Una palabra no pronunciada es, en el mejor de los casos, similar al malestar de tener comida atrapada entre los dientes. Reformulo: una palabra que anhelaba ser pronunciada y permanece en el terreno del silencio, de los secretos que uno habrá de llevarse a la tumba, genera una molestia que comienza a gestarse en la boca del estómago y termina por revelarse en el aliento putrefacto de quien lleva velcro entre los labios. Pienso: aunque nunca aprendí a guardar silencio, sí que aprendí a sacarle la vuelta a las palabras más importantes. Y tal vez por eso decidí abrazarme a la pluma. Tal vez, en mi incapacidad para decir un «te amo» en las rocas, sin que me tiemble la voz y sin deformar la «m» para llegar victoriosa hasta la «o», decidí que debía aferrarme a la escritura. Sí, sí que puedo confesar y regalar desde la palabra que se imprime en el papel o en la pantalla. Pero no desde la que se fuga, la que se hace vibraciones hasta desvanecerse en el viento. Sé de la guerra pronunciada en contra de la búsqueda de permanencia. Y sé que para quienes esperan de mí un discurso elocuente o una confesión inmediata, para quienes una respuesta marca la diferencia entre la vida y la muerte, para quienes solo existe el ahora, mis palabras llegan siempre demasiado tarde. Dicen, sin embargo, que de nada sirve una palabra que tarda en llegar. Pero he descubierto que las palabras, mis palabras, toman tiempo.

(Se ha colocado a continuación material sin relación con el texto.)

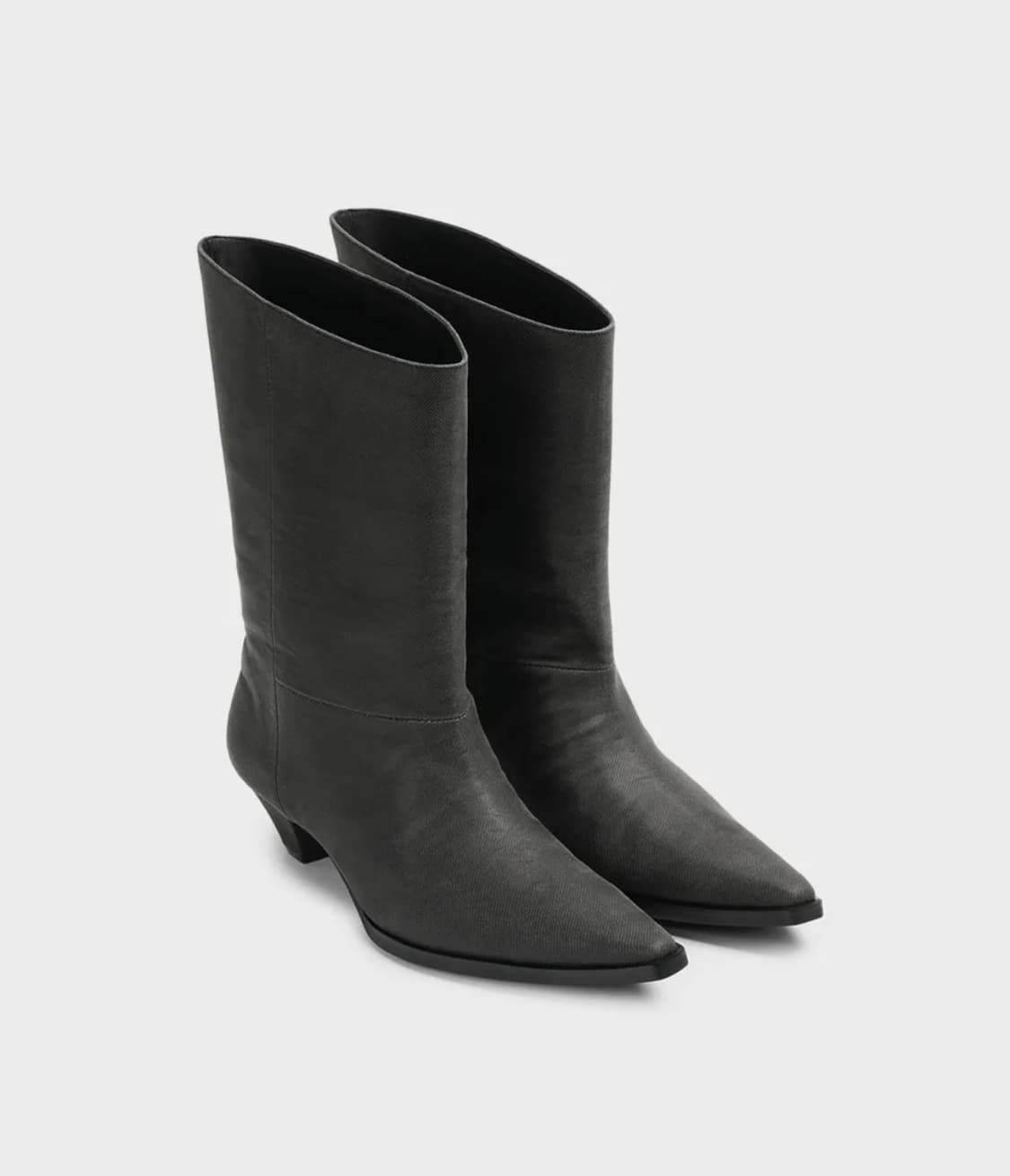 (구해요) 004 sharp toe middle boots/코티드데님 상품이미지1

He escuchado también que tal vez se trata solo de una evasión, de miedo a comprometerme con lo que digo cuando me abstengo de pensar demasiado. Puede que sea cierto. Además, eso explicaría por qué suelo escribir con lápiz, borrar demasiado, romper las hojas que —aunque reflejan lo que siento— traicionan lo que pienso, jamás revisitar lo que ya he escrito. Una vez me convencí de que ninguna intuición puede hacerse verdadera si me niego a pronunciarla en voz alta. Un pensamiento que se transforma en palabra adquiere un nuevo grado de realidad; puede volcarse sobre mí y apoderarse del terreno de lo que, dentro de mi universo, es definitivo. Y sí, aunque hablo demasiado —tanto como para hartarme del sonido de mi propia voz, para poder desear callarme para siempre— logro mantenerme en silencio en esas situaciones que están al centro de mi propia existencia: el miedo, el amor, la soledad, la tristeza, la gratitud, el perdón y una larga lista de etcéteras.
Procuro no atender al teléfono. Escribo demasiadas cartas. Me despido a la distancia. Escribo poemas. Amo con la mirada. Pienso. Borro. Reescribo. Doy felicitaciones por escrito. Dejo disculpas como esbozos y borradores. Aunque para muchos pueda parecer una falta de valentía —y aceptaré cualquier reproche que comience con un «da la cara»—, en el fondo escribir requiere de un grado superior de fe. Significa que tengo la certeza de que mañana, eso que he dicho, seguirá estando ahí. Y será tuyo. Y podrás revisitarlo tantas veces como quieras. Y, muy a pesar de mí, sus efectos seguirán siendo siempre frutos de mis entrañas.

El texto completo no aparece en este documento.